As Bailey details in his history, things reached a climax in the late 1920s over what he regarded as 'Scientific Liberty'. Flett had, since his days in Edinburgh, insisted that all publications by Survey staff, whether on official work or private research, should be submitted for the Director's approval. This Bailey regarded as persecution because he, totally committed to geology in his own as well as official time, had studied the existing field maps for critical areas worth re-examination, and subsequently spent his leave on this. Flett's paranoia can be judged from his order that field maps, freely available to the general public, were only to be shown to Survey staff with his permission! It was at this point that Bailey left for the chair of Geology at Glasgow University.

When he returned as Director he obtained the promotion of McLintock to the new post of Deputy Director to allow him to depute all the administrative chores. He stopped the practice of English field staff being moved to the Highlands for summer work and established, for the first time, a rational District organisation for the country. Until 1937 'District Geologists' were responsible for only the area on which their men were working, which sometimes had produced such eccentricities as the 'Forest of Dean and Cumberland Unit'. Bailey divided England and Wales into six districts and gave each of his District Geologists responsibility for all that happened in his whole barony — not just the limited areas of mapping. This system proved effective, with occasional modifications of district boundaries, for the next forty-five years.

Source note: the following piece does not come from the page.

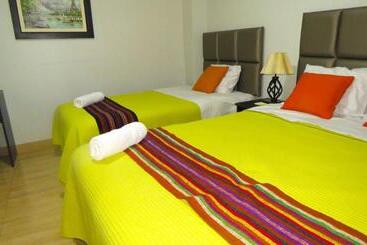 هتل Hostal Mica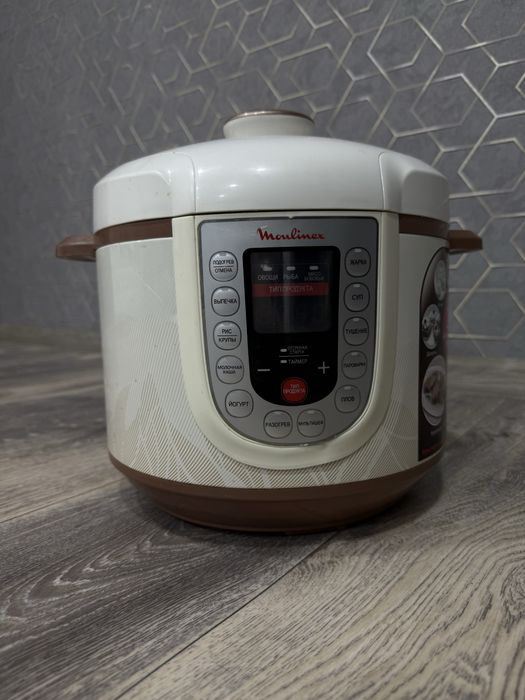 Мультиварка-скороварка Moulinex Co Range CE501134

In 1936 the first non-field Survey unit, save for the historic Palaeontologist's and Petrographer's outfits, was established — the Water Department. Bailey also set about closing the district offices, of which he strongly disapproved. York was closed in 1938 but Manchester and Newcastle survived, largely due to the tenacity of their staffs (See p.65).

World War II, like its predecessor, caused a great deal of disturbance to the mapping programme, which had been the main reason for the existence of the Survey for a century. McLintock summarised the wartime achievements of the Survey in the first post-war report of the Geological Survey Board, as did Bailey in his history (1952). Most of the work was concerned with indigenous raw materials — iron ore, bauxite, glass sand, feldspar, mica — together with an intensification of work on groundwater and coal and the first investigations into sources of radio-active minerals.

The war prevented the fulfilment of Bailey's plans for the Survey but he instituted the Bulletin series of publications to succeed and develop the former Part II of the Summary of Progress. He spent long hours editing the mimeographed Wartime Pamphlets and drafting the northern sheet of the Ten-mile Geological Map of Great Britain, though this was not published till after his retirement.

Bailey was regarded by his contemporaries with a mixture of amusement and contempt for his eccentric behaviour, though with respect, tempered with exasperation, for his scientific achievements. Unhappily, he so alienated some of his senior staff that they boycotted his farewell presentation.

When Bailey retired in 1945 he was succeeded by William Francis Porter McLintock. McLintock's regime was certainly a milestone in G.S.M's. history. The rehabilitation of the Museum and office had to be effected and the dispersed collections and library had to be reassembled. Staff recruitment and publication of Maps and Memoirs was resumed.